Article by Ella Parry-Davies

Despite the ongoing concerns of researchers, artists and social activists in Beirut regarding the animation of public space, after extensive interviews with actors in the Lebanese art scene, PeepingTom journal was able to print last year an anonymised quotation that asserted: “Art in public spaces doesn’t exist anymore.” The conspicuous absence of public space in Beirut might point towards such a lack of artistic intervention. Meanwhile, however, Dictaphone Group enact site-specific performances all over the city, Rana Jarbou documents graffiti artists’ momentary reimaginings of the city’s walls, and Beirut is animated by events like #JazzDanceDay.

Furthermore, performance can be considered as exceeding the parameters of what might be deemed “artistic” endeavours. It is also a conceptual framework for examining what Jane Rendell has termed “critical spatial practices.” In the tradition of Henri Lefebvre and Michel de Certeau—taken up in Beirut by Mona Harb—geographical space is theorised as inherently temporal and social: it exists as an ongoing practice of construction and realisation. In a performative mode, public space is perpetually generated and produced by collaborative social agencies and interaction. As Jean-Luc Moulène insisted at the opening of his exhibition at the Beirut Art Centre last summer: “L’espace, c’est l’activité de l’être, la production de l’être. Donc l’espace commun est toujours à construire.”

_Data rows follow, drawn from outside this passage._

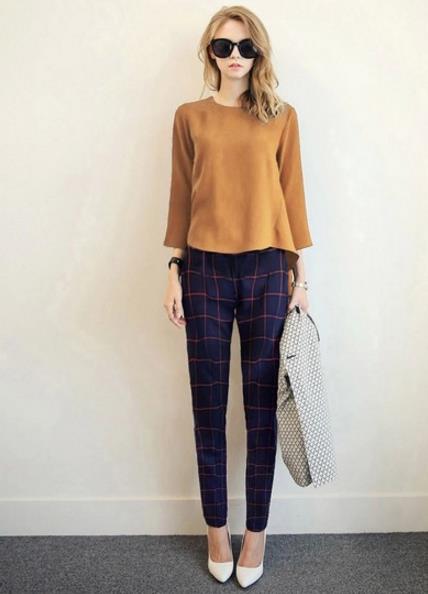 板鞋搭配卫衣长裙运动套装:演绎休闲时尚文艺范 板鞋搭配卫衣长裙运动套装:演绎休闲时尚文艺范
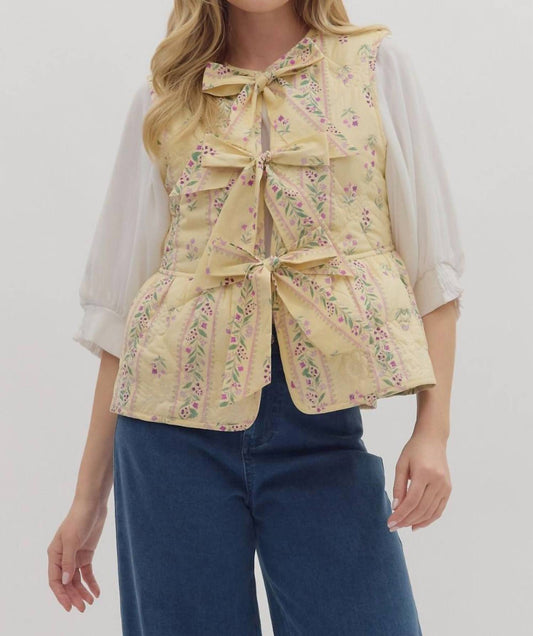 Entro - Quilted Peplum Vest With Front Ties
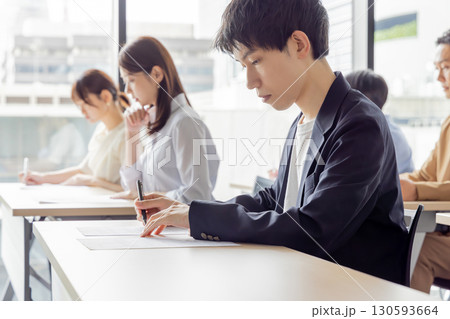 試験を受ける人々 130593664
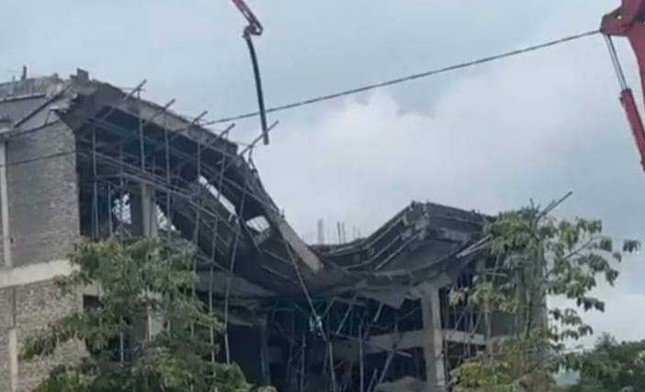 Công trình nhà văn hoá huyện Tuyên Hoá (Quảng Bình) bị sập khi đang thi công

In all this, however, the ephemerality—and by extension the precarity—of performative practices ghosts our enquiries. In her responses to recent uprisings in the Middle East, Judith Butler emphasizes the urgency of public interventions in their struggle over urban space, but equally the ineluctable necessity of the “supports”—bodily and material conditions—that enable these interventions to take place. Butler underscores the significance of making bodily requirements—sleeping, eating, and so on—visible in the occupation of public space. A position which reminds us of Nada Senahoui’s installation Haven’t 15 Years of Hiding in the Toilets Been Enough? Does this stress on the corporeal and the material move away from a “performative” reading of public space as a dynamic or a discourse? In the Lebanese context or elsewhere, how might we address this invitation to responsibly rethink performance in public space?

The absence, demise or discrediting of performance in public space suggested by PeepingTom’s provocation is implicated, rather than explicated by these discussions. We invite researchers, artists and other cultural practitioners to respond to this provocation, whether considering it as a lament, a falsehood, an opportunity, or otherwise. Whilst the workshop welcomes contributions dealing with practical and conceptual material generated across the globe, its location in and focus on Beirut takes account of the particular set of critical socio-material conditions informing an ongoing practice of performative acts in contemporary Lebanon.